▶ Brief: With the pictures removed, set down all of the entries below exactly.

▶ Study material:
* * * *
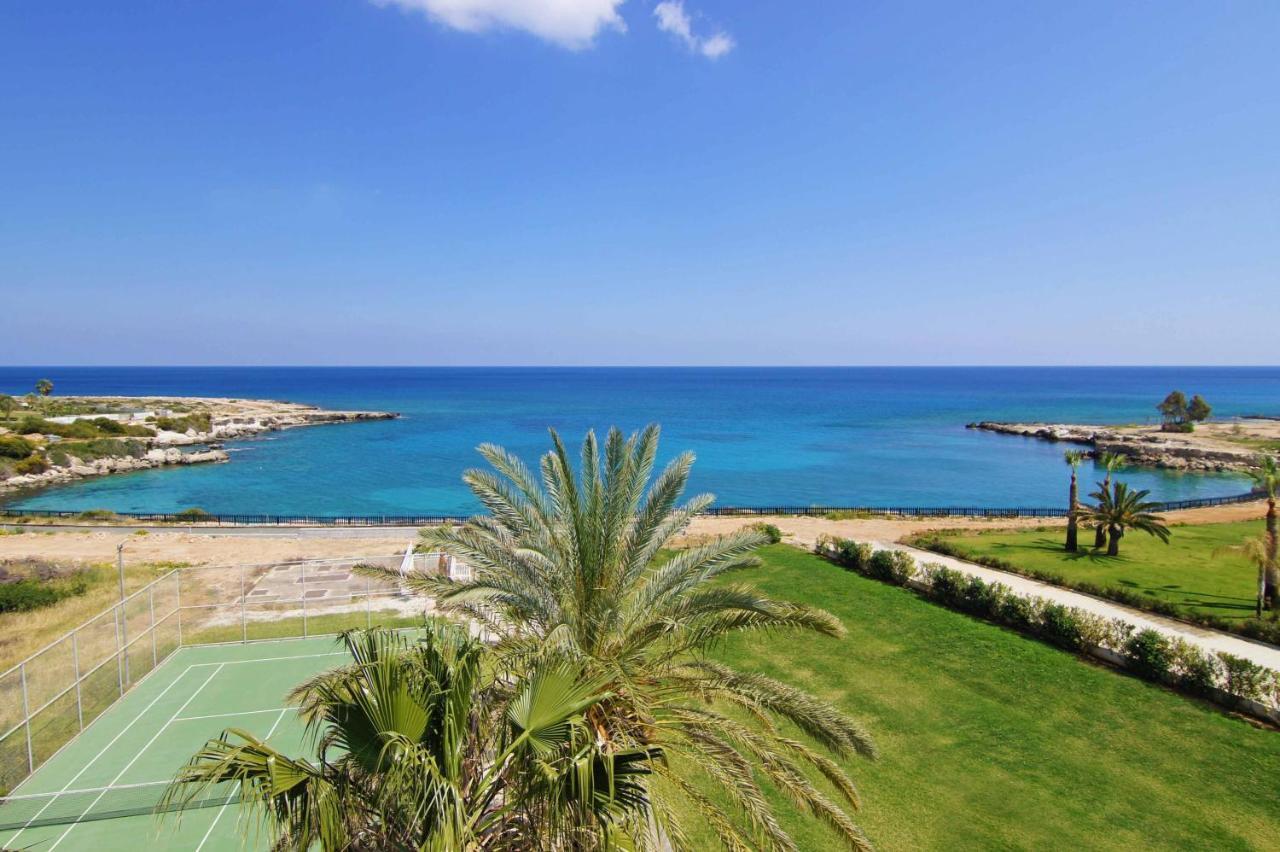 Meryl - Coralli Beachfront Apartment Protaras Eksteriør bilde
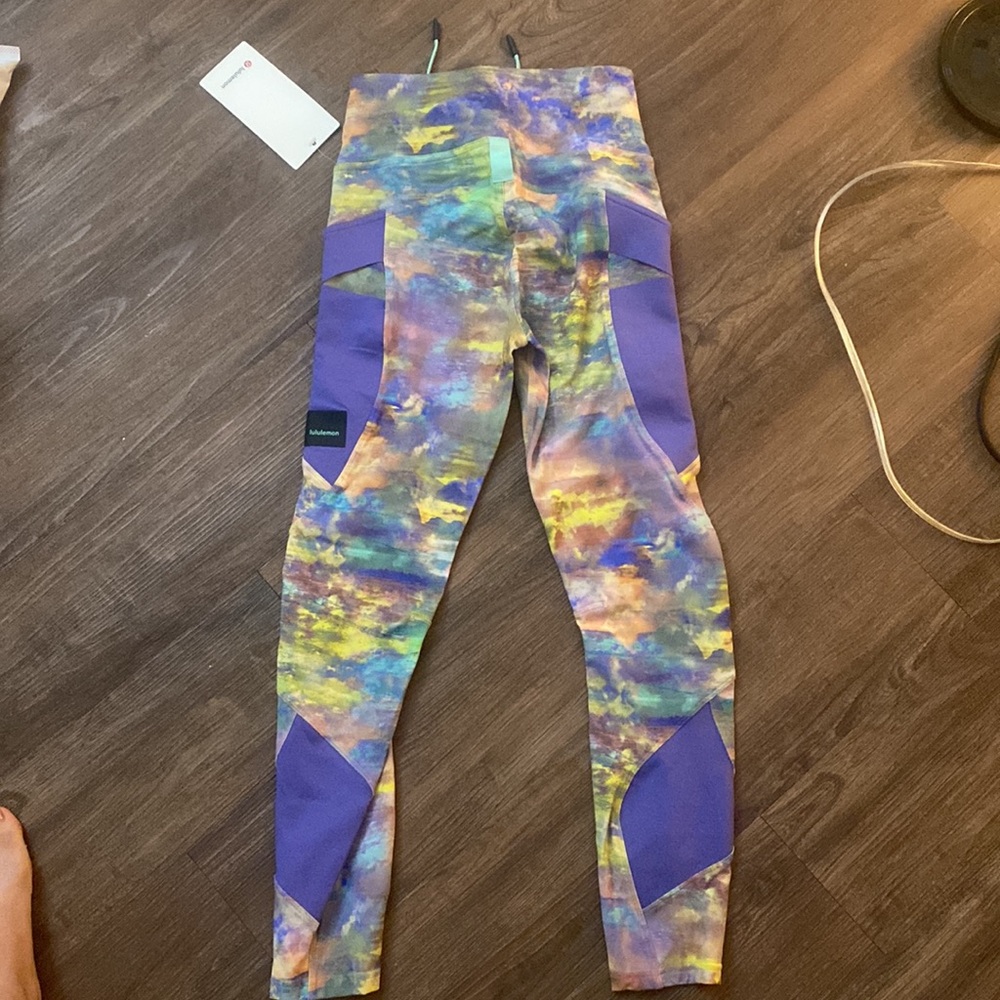 NWT Lululemon Cargo SHR Hiking tight 25” size 4 - Picture 2 of 5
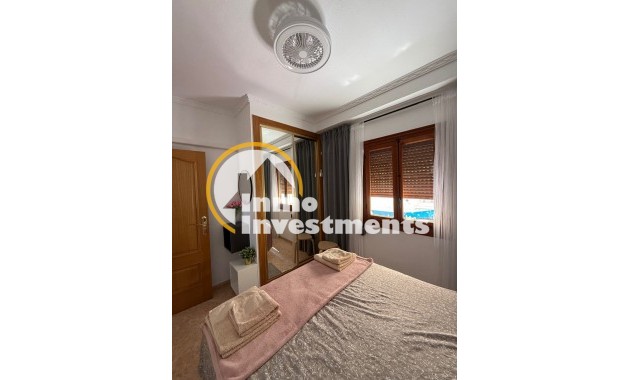 Resale - Apartment - Torrevieja - La Mata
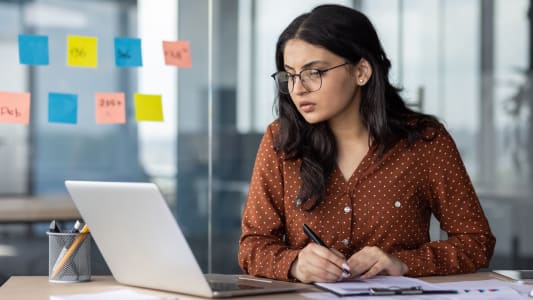 Une femme devant son ordinateur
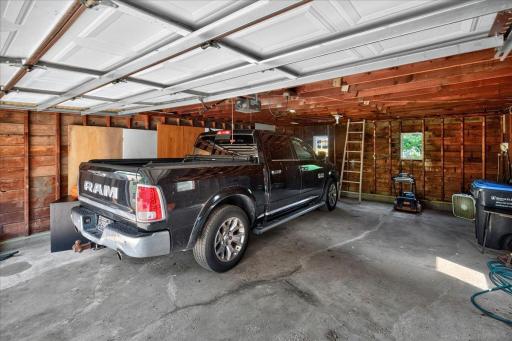 2207 Holloway Avenue E, Saint Paul, MN 55109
* * * *
▶ Result of the task:
 Meryl - Coralli Beachfront Apartment Protaras Eksteriør bilde
 NWT Lululemon Cargo SHR Hiking tight 25” size 4 - Picture 2 of 5
 Resale - Apartment - Torrevieja - La Mata
 Une femme devant son ordinateur
 2207 Holloway Avenue E, Saint Paul, MN 55109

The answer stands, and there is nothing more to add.